Jason Gesser: Ready for a move
Jason Gesser has been a stay-at-home dad this NFL season, but the former Washington State quarterback hopes his football fortunes are about to improve.
Gesser, a late camp cut by the Tennessee Titans, was stunned when he was released.
"It was hard," said Gesser, who was a Titans backup in 2003. "I was playing good. ... You know when you aren't playing good. ... But they said, 'We feel we want to have a comfort level of someone who has played.' "
That's why the Titans signed Doug Johnson, a five-year veteran who had been cut by Jacksonville, to be their No. 3 quarterback.
Gesser and his wife, former WSU volleyball player Kali Surplus, and their 17-month-old daughter, Jordyn, have stayed in Tennessee but a move to the Tacoma area is planned for mid-January. Kali has landed a sales job with a pharmaceutical company.
"It will be good to get back up in Washington," he said.
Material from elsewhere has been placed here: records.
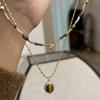 Collar de cuentas de ojo de tigre ovalado con baño de oro auténtico, cadena de clavícula Maillard vintage, elegante y a la moda para mujer.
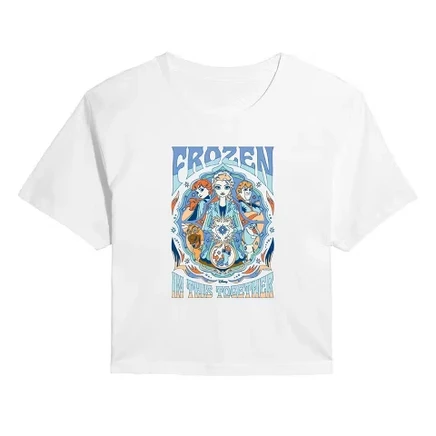 Женская укороченная футболка Frozen «Вместе», белая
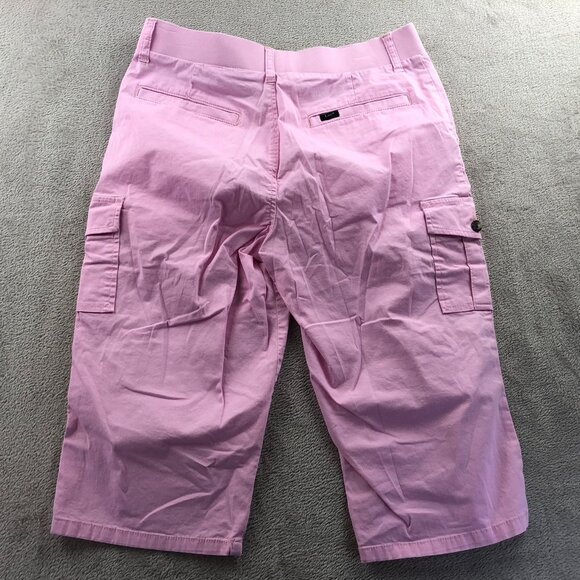 Lee Women Cargo Capri Pants Size 8 Medium Widde Leg Outdoors Casual Pink Classic - Picture 12 of 12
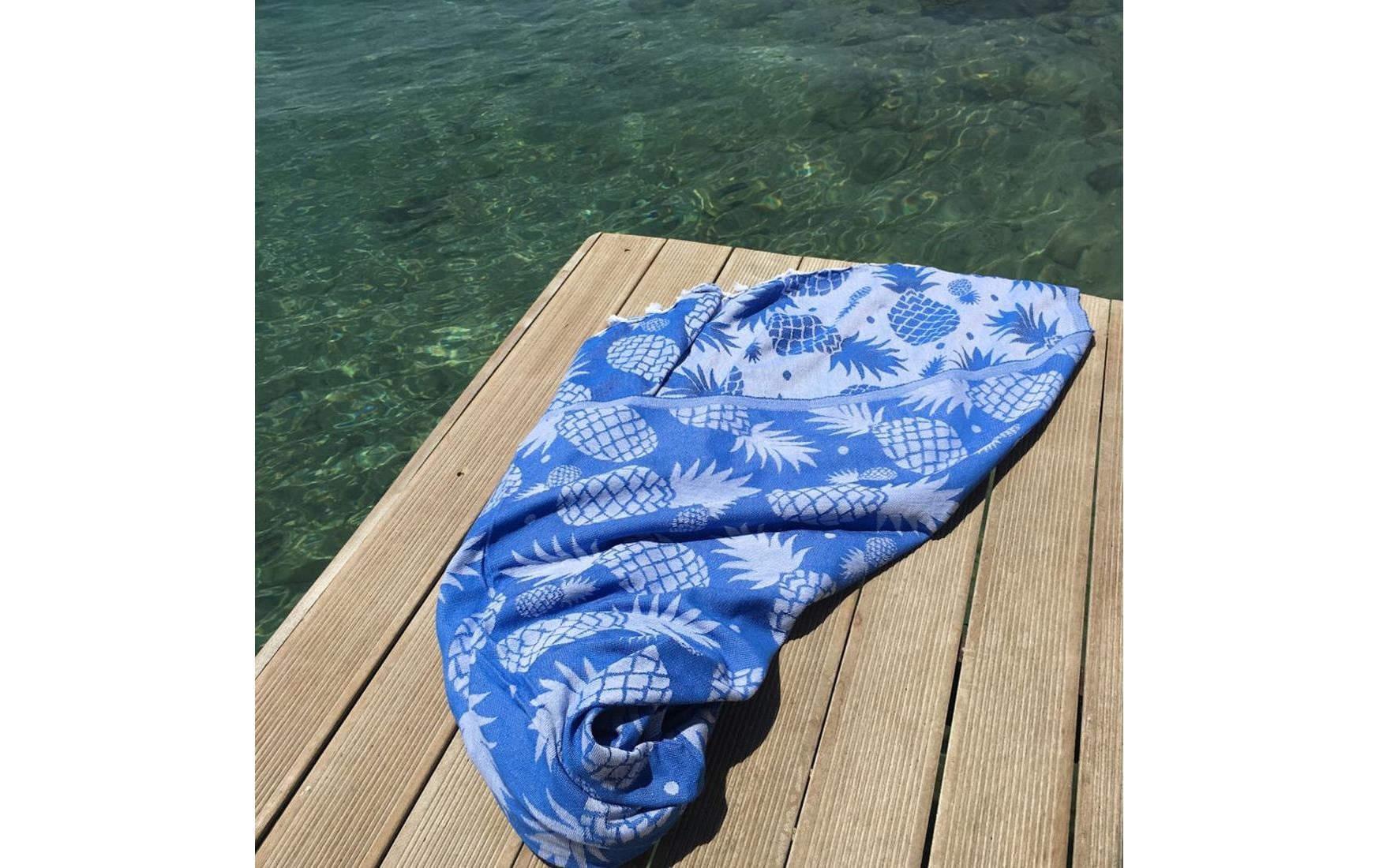 Foutastic Strandtuch Ananas – 100 × 180 cm, Blau, Baumwolle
Gesser's agent, David Dunn, has told him that the holidays are a time when non-playoff teams often sign free agents for the upcoming season. One possibility is that an NFL team would sign Gesser, then ship him off to play in Europe this spring.
Gesser said he plans to continue pursuing his dream of playing professional football "for the next two to three years and see what happens."
If nothing develops, he said, "then I'll probably go into coaching because I want to be a college coach."
Gesser said he still keeps in touch with coach Mike Price and his two assistant-coach sons, Eric and Aaron, who have had a remarkable 8-3 season at Texas-El Paso.
"He turned that program around like I knew he would," Gesser said of his former Cougars coach.
One of the fall highlights for Gesser was going to a sports bar to watch the Cougars beat the Huskies, 28-25, in the Apple Cup, halting the streak of six consecutive Washington wins in the series.
"Awesome," he said. "It was good to reverse the curse."